NEW DELHI: It's an age-old dilemma every finance minister of the day faces before presentation of a budget — more so when an election is round the corner.
This time, the situation is no different as India heads into the election year 2019 when Prime Minister Narendra Modi's efforts to revive the economy will face an acid test.
The question is what path will Jaitley choose to pull off that perfect balance — whether to stay pragmatic in using public finances or go for a dash of populism to keep the electoral vote bank happy.
There seems to be no easy answer.
In a recent interview to Times Now, Modi made the right noises, putting a premium on the imperative of sticking to fiscal prudence in the Budget.
Fiscal deficit — simply put, the difference between total expenditure and total revenue, except borrowings — has been projected at 3.2 per cent for this fiscal and the government has so far made its intention clear to stay with the glide path. But fears refuse to die down as many on Dalal Street feel that the government may give in to the temptation of doling out goodies to the electorate, potentially shifting the stated goalpost.
There is another school of thought that says the government should in fact loosen its purse strings and ramp up expenditure to create more jobs and push growth. In fact, India Inc wants the finance minister to come up with big-bang investments for rural areas and on infrastructure in his 2018-19 Budget speech on February 1.
This implies that Dalal Street is not obsessed with fiscal numbers.
Hemang Jani, Senior Vice-President, Sharekhan, is of the view that a slight relaxation on the fiscal deficit front need not be alarming and should not worry the bulls.
Nilesh Shah, MD of Kotak Mutual Fund, has a similar take. Last week at ETMarkets Pre-Budget Meet, he said, "The government must spend money at the bottom of the pyramid."
So, will Jaitley bite the bullet or go full throttle in his last full-fledged Budget? Here are the hopes and fears on Dalal Street.
Rural push not at expense of fiscal slippage
It's all about finding a trade-off between good economics and good politics, say analysts.
According to a Motilal Oswal report, it will be important to see how the Budget can make a difference to the rural sector and how the government will carry the burden of expectations.
Given the fact that there is still an element of uncertainty over tax collections under GST, the brokerage expects the government to revise its deficit target to 3.4 per cent of GDP for 2017-18 and to 3.2 per cent for 2018-19, the brokerage said.
Another brokerage, Sharekhan, pegs the figure at 3.5 per cent this fiscal year and 3.2 per cent for 2018-19.
Gaurav Dua, Research Head at Sharekhan, believes that Jaitley will be able to present a "credible" Budget. "He might be able to do so by maintaining status quo on corporate tax rate while giving some relief to the middle class in the form of higher income tax exemption," Dua added.
"In the last 6-7 years, we have spent more than $150 billion worth of capital in foreign currency for import of gold.
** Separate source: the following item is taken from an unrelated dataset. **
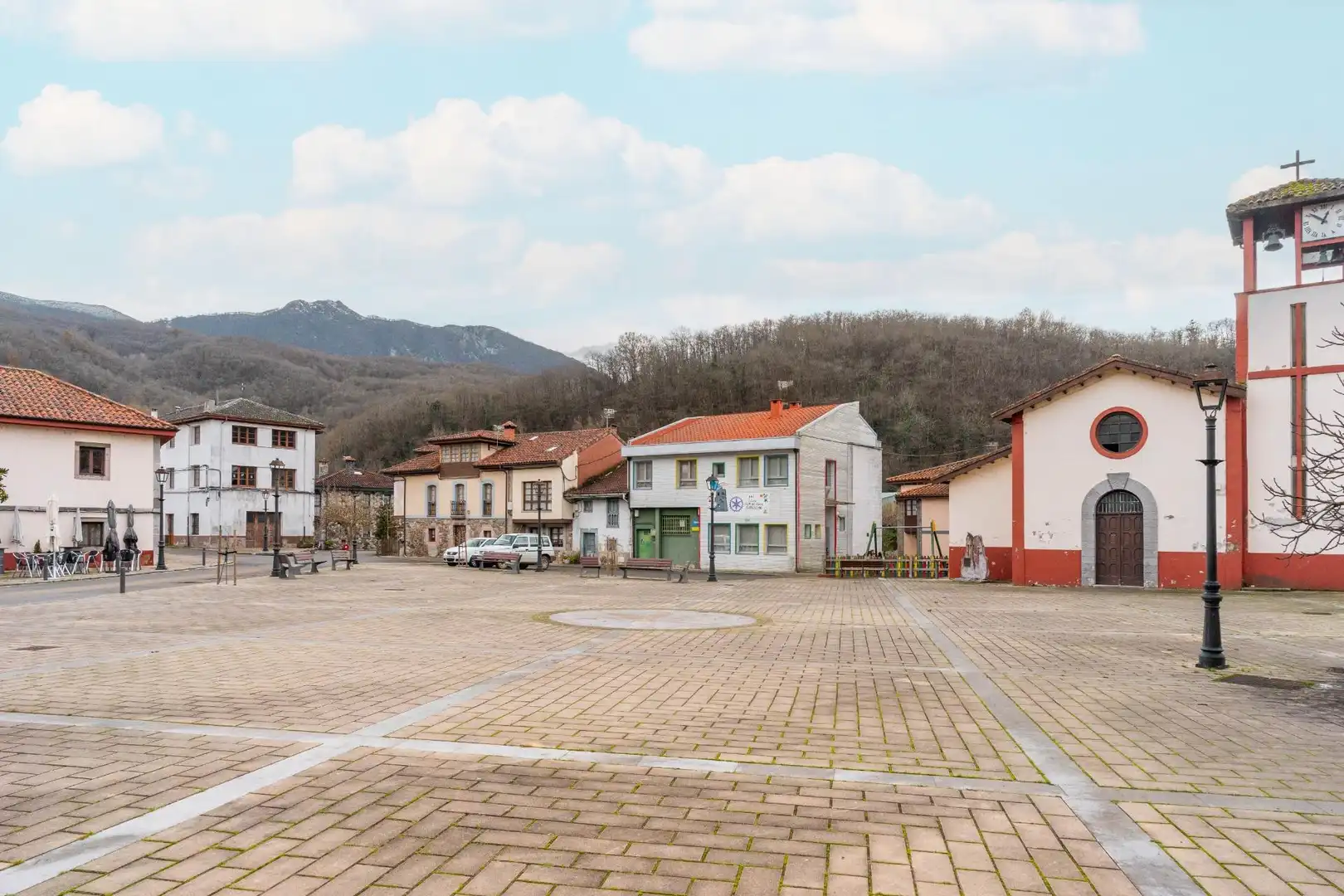 Vista exterior de Casa o xalet en venda en Sobrescobio amb Jardí privat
The government needs to discourage import of gold, and channelise this lakhs of crores rupees to other productive asset classes," Chokkalingam told ETMarkets.com.
There is another section that is pinning hopes on the government going ahead with its spending on infrastructure, handing out sops for exports and SMEs and focus on boosting thee economy.
Heavier dose of populism can spoil D-Street party
PM Modi in the recent interview had acknowledged that the farm distress remained a concern and that it was the responsibility of the government to resolve the issue.
One can expect an overdose of populism as the BJP government presents its last full-year budget before the 2019 general elections, Motilal Oswal in a report said.
"However, we believe that the government has limited financial resources to propose any targeted scheme for the poor," the brokerage house said, adding that the government needs to remain cautious about spending too much on the rural sector as it may fuel further inflationary pressures on the economy.
A fiscal slippage of 10-20 basis points is not ruled out for this year because of major economic disruptions and corporate slowdown, said Amar Ambani, Partner & Head of Research, IIFL.
There are concerns on other fronts too, namely a likely imposition of long-term capital gains (LTCG) tax, and overemphasis on fiscal prudence, according to Equinomics Research's Chokkalingam.
On LTCG, Ambani said, "We reckon that the government will not like to dent improving investor sentiment where equity participation still remains low. However, it could change the long-term capital gain classification criteria from one year to two years."
Going by the Prime Minister's assurances, fears of extravagant doleouts may appear exaggerated. Nevertheless, the market expects the finance minister to be pragmatic on fiscal consolidation while staying populist on rural and capex spending to pep up mood and drive growth higher.